City Life

Walls surrounded almost all medieval towns and cities, and constant repair of these walls was usually the town’s greatest expense. Gates pierced the walls, and visitors waited at the gates to gain entrance to the town. Most streets in a medieval town were marketplaces as much as passages for transit. Poor people selling soap, candles, wooden dishes, and similar cheap products stood next to farmers from the surrounding countryside selling eggs, chickens, or vegetables; people selling firewood or mushrooms they had gathered; and pawnbrokers selling used clothing and household goods. Because there was no way to preserve food easily, people — usually female family members or servants — had to shop every day, and the market was where they met their neighbors, exchanged information, and talked over recent events, as well as purchased needed supplies.

Some selling took place not in the open air but in the craftsman’s home. A window or door in the home opened onto the street and displayed the finished products made within to attract passersby.

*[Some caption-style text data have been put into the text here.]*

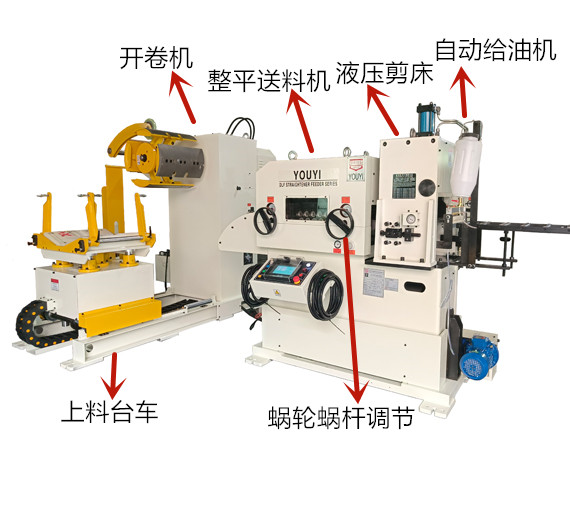沖床三合一開卷整平送料機(jī)在如何在汽車零配件自動(dòng)化沖壓中發(fā)揮重要作用的？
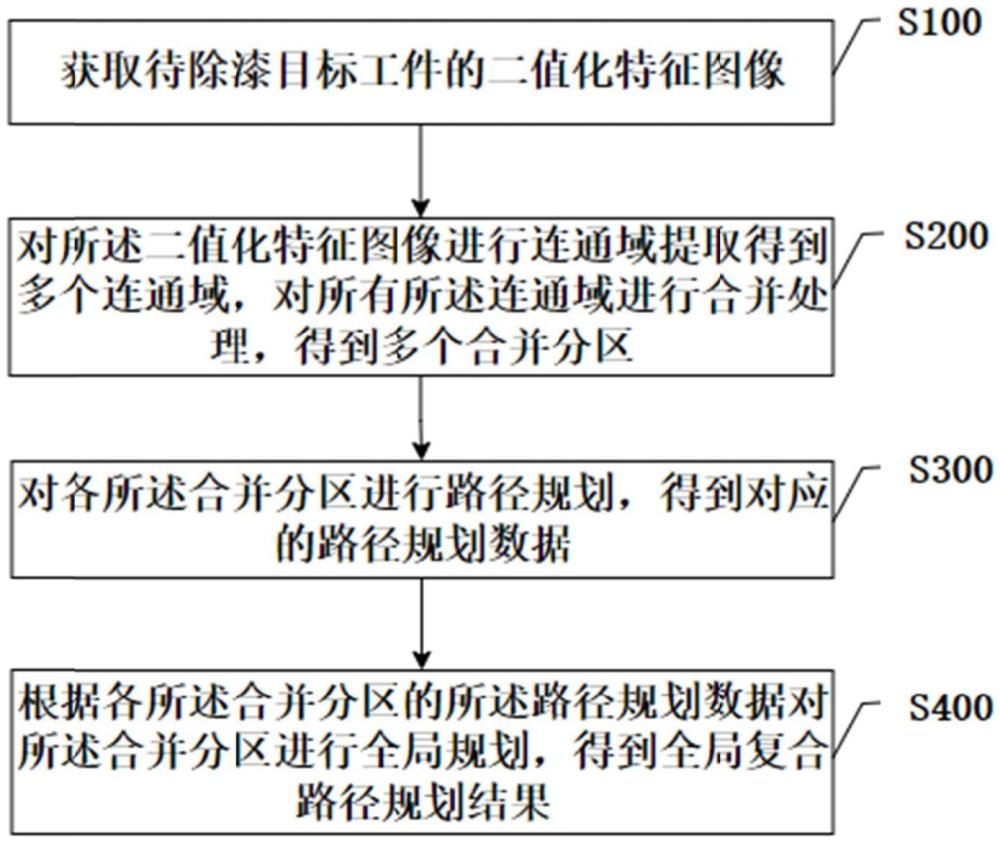 一種機(jī)載雷達(dá)罩激光除漆路徑規(guī)劃方法及系統(tǒng)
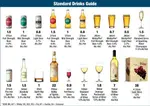 Standard_Drink_Guide.jpg Standard_Drink_Guide.jpg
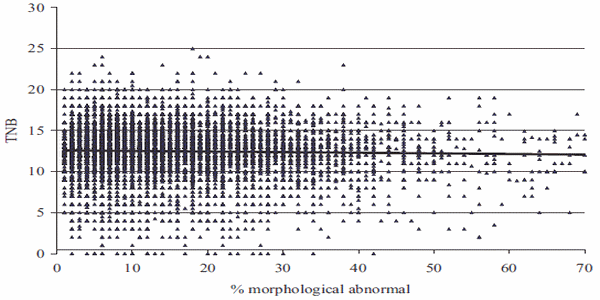 Artificial insemination in pigs, research and developments in The Netherlands, a review - Image 4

The family lived above the business on the second or third floor. As the business and the family expanded, additional stories were added. Second and third stories jutted out over the ground floor and thus over the street. Since the streets were narrow to begin with, houses lacked fresh air and light. Initially, houses were made of wood and thatched with straw. Fire was a constant danger; because houses were built so close to one another, fires spread rapidly. Municipal governments consequently urged construction in stone or brick.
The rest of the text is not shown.